» PROBLEM: What lines below hold the string "Casa"? Copy them all.

** GIVEN DATA follows **

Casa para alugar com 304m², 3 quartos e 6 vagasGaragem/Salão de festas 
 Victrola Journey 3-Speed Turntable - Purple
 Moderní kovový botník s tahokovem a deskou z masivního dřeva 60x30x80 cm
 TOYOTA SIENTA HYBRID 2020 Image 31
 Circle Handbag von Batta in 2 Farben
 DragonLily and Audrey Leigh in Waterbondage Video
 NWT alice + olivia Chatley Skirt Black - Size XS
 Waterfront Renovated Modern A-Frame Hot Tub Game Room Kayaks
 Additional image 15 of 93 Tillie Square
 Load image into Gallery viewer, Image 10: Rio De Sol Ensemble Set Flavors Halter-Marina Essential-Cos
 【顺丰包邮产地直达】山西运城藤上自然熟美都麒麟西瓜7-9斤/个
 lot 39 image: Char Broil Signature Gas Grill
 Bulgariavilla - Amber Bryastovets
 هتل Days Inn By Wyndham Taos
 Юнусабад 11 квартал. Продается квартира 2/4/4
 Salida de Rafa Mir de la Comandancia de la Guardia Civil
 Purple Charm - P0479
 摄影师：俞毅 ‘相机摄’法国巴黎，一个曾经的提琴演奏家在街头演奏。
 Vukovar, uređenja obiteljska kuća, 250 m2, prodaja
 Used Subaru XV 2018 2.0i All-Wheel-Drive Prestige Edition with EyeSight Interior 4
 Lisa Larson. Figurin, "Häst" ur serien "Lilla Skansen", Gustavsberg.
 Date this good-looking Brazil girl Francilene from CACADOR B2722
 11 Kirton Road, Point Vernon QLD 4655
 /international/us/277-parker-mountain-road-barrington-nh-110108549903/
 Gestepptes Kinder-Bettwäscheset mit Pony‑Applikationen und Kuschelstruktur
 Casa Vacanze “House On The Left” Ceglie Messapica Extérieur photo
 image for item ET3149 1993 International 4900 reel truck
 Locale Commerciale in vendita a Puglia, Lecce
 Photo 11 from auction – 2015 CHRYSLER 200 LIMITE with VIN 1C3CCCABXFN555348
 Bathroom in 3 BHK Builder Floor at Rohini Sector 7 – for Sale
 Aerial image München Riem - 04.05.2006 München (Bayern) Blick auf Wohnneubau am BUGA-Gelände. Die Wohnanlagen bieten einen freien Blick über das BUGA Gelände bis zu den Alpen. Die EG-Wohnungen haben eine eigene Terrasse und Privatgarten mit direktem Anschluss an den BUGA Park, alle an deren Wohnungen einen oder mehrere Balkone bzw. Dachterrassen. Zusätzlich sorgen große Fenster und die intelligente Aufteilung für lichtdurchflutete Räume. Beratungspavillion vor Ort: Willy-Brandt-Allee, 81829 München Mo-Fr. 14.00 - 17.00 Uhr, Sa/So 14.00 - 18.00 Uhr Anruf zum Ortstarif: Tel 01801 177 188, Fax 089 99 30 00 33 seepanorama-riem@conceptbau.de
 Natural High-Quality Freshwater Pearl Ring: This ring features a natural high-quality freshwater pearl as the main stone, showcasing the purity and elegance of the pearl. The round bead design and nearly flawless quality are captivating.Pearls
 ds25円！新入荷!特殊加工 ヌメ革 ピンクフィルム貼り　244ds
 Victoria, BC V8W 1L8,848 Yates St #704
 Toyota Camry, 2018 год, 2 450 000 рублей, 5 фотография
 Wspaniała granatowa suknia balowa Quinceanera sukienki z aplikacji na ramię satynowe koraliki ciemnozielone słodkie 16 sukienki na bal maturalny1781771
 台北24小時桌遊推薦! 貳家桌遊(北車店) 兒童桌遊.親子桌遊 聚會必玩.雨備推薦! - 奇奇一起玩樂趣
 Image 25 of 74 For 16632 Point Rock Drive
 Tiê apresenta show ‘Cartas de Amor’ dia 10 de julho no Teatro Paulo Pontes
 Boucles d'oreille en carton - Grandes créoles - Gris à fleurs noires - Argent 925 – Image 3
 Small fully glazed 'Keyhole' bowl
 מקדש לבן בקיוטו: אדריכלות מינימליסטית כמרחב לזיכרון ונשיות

** End of GIVEN DATA **

» RESPONSE TO THE EXERCISE:
Casa para alugar com 304m², 3 quartos e 6 vagasGaragem/Salão de festas 
 Casa Vacanze “House On The Left” Ceglie Messapica Extérieur photo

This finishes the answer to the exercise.